Q. 3月にファイザー社の「オミクロン株」対応のワクチンの準備が整うとはいえ、日本にはどのくらい届くかわかりません、やはり今あるワクチンの3回目接種をどんどんした方が良いのですか?
(水野医師)
「そうですね、3回目を打つことによって効果は上がることも言われていますので、重症化しやすい方ですとか医療関係者など広げてはいけない環境の方に対しては積極的に進めていった方が良いかと思います。あとは、治療薬も特定承認されていますので、早期発見して治療薬が必要な方には行きわたるようなシステムを作ることも併せてやる必要があると思います。」
Q.治療薬は軽症のうちに飲んだ方が効果があると言われていますが、軽症だと治療薬を拒否される患者さんもいらっしゃるのでは?
(水野医師)
「そうですね、年明けに何名か陽性になった方に薬を勧めたんですけど、翌日に熱が下がってしまうことも多く、当日に熱が出てもそれほど辛くないということで、今のところご提案してもお薬が要らないという方が全員で、まだ処方の実績がありません。」
水野医師の提言 「オミクロン株」への対策
水野医師は、「人流抑制も大事だが、検査パッケージ(陰性・接種証明書の活用)と認証制度(感染対策の徹底)の拡充・厳格化を重要視すべき」と提言しています。また、保健所主体の管理に限界が来ているとも指摘しています。
Q.まずは検査パッケージ、認証制度について、これは具体的にどういう事でしょうか?
(水野医師)
「例えば集団で集まるイベントの時などは、抗原検査を積極的にやって、集団の中での発生を最小限に食い止めるとか、あるいはワクチンの接種証明書もありますが、今回のオミクロン株はワクチンを2回打っていても感染される方がおられますので、この辺りは議論の余地がまだあると思います。」
Q.保健所主体の管理に限界ということは、ずっと言われていることですが…
(水野医師)
「そうですね。2年ぐらい前からそういう提言をしてきましたが、新型コロナは感染症法・指定感染症で新型インフルエンザ等感染症という位置づけになっています。これは1.5類ぐらいのレベルなんですね。これをやっていると、我々が患者さんを診察して検査が陽性になって、では管理をしようっていうところで、保健所が全部管理をしますので、手を離れてしまうんですね。そこで、全部保健所に投げることになってしまいますので、それを繰り返していると、今これだけ感染者が増えてくると全然回らなくなります。濃厚接触者に関して、沖縄県は『ご自身で判別してください』とおっしゃっていますが、そのあたりを地域の医療が、いわゆる医師会が主体になってやるようにすれば、保健所の業務も余裕が出てくるとは思います。

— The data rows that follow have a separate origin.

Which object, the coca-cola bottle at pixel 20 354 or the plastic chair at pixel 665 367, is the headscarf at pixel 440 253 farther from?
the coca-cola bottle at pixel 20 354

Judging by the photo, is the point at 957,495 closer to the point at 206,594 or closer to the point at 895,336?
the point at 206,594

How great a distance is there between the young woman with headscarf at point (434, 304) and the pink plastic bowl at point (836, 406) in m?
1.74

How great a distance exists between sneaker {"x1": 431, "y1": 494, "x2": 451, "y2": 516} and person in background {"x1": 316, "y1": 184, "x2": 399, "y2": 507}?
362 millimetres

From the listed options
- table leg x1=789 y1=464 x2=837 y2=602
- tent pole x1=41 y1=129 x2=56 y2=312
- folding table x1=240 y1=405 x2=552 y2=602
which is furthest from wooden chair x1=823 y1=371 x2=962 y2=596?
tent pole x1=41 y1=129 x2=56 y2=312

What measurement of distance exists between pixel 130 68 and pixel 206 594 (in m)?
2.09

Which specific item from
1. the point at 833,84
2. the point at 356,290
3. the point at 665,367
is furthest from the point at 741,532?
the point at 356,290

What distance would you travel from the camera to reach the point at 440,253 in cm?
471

」
Q.感染状況を見て、「オミクロン株」の特徴をどう考えますか?
(水野医師)
「特徴的には、デルタよりも、感染力が3倍~5倍ぐらい、潜伏期間が短い、従来株の半分ぐらい、3日ぐらいといわれています。肺でのウイルス量がデルタに比べると少ないということですね。入院リスクも少ないということですので、このような病態をしっかりとこれまでのデルタとは、違った見方で、対策も併せて取っていく必要があると思います。」